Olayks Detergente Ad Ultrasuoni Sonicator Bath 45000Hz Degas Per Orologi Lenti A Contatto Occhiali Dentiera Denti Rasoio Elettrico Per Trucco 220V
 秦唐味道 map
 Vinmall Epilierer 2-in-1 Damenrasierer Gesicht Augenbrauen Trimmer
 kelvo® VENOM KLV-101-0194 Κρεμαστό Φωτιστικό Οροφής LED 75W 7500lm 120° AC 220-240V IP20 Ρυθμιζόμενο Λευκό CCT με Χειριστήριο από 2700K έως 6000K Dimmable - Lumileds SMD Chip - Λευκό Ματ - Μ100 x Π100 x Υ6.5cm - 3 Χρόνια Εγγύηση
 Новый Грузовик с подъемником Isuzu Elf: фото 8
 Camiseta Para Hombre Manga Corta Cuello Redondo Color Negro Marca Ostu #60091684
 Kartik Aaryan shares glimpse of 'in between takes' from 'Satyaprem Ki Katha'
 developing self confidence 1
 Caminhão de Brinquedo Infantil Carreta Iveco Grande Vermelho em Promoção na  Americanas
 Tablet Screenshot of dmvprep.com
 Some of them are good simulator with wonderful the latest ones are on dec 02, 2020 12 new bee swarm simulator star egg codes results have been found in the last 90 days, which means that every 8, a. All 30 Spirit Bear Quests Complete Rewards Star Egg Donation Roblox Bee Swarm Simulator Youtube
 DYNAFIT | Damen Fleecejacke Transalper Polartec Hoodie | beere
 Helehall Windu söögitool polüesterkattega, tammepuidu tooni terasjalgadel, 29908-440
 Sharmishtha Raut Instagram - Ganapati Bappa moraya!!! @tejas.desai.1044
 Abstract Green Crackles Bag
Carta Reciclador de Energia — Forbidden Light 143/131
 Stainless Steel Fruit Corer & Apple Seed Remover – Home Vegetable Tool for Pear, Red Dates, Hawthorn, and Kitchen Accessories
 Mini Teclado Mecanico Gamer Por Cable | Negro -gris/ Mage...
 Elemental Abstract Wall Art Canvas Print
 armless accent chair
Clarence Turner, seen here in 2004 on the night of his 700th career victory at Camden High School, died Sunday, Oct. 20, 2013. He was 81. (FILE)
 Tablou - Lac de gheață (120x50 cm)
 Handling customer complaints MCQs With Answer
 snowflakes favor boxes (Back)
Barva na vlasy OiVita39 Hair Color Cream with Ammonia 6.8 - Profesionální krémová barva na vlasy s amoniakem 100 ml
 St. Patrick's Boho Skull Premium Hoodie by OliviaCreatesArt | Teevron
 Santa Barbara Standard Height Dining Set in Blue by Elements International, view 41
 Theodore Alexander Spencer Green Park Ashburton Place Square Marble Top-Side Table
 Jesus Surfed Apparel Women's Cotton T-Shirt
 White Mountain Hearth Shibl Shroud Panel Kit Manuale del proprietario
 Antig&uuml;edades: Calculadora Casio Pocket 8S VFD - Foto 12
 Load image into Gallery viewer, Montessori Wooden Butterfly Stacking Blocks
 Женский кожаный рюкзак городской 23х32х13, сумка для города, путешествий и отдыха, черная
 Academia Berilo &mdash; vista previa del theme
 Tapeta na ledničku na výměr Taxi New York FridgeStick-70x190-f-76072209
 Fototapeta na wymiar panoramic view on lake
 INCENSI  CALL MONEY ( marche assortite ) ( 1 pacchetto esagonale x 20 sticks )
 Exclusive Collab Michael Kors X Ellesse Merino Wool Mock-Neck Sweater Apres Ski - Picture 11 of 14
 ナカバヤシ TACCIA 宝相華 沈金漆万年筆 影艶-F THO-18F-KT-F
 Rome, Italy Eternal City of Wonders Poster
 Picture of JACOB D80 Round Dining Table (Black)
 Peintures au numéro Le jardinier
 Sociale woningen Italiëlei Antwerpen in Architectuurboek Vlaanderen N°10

# THE TASK
No line before the one with "Picture of JACOB" belongs in the answer; copy that line and the rest of the records exactly.

# SOLUTION TO THIS PROBLEM
 Picture of JACOB D80 Round Dining Table (Black)
 Peintures au numéro Le jardinier
 Sociale woningen Italiëlei Antwerpen in Architectuurboek Vlaanderen N°10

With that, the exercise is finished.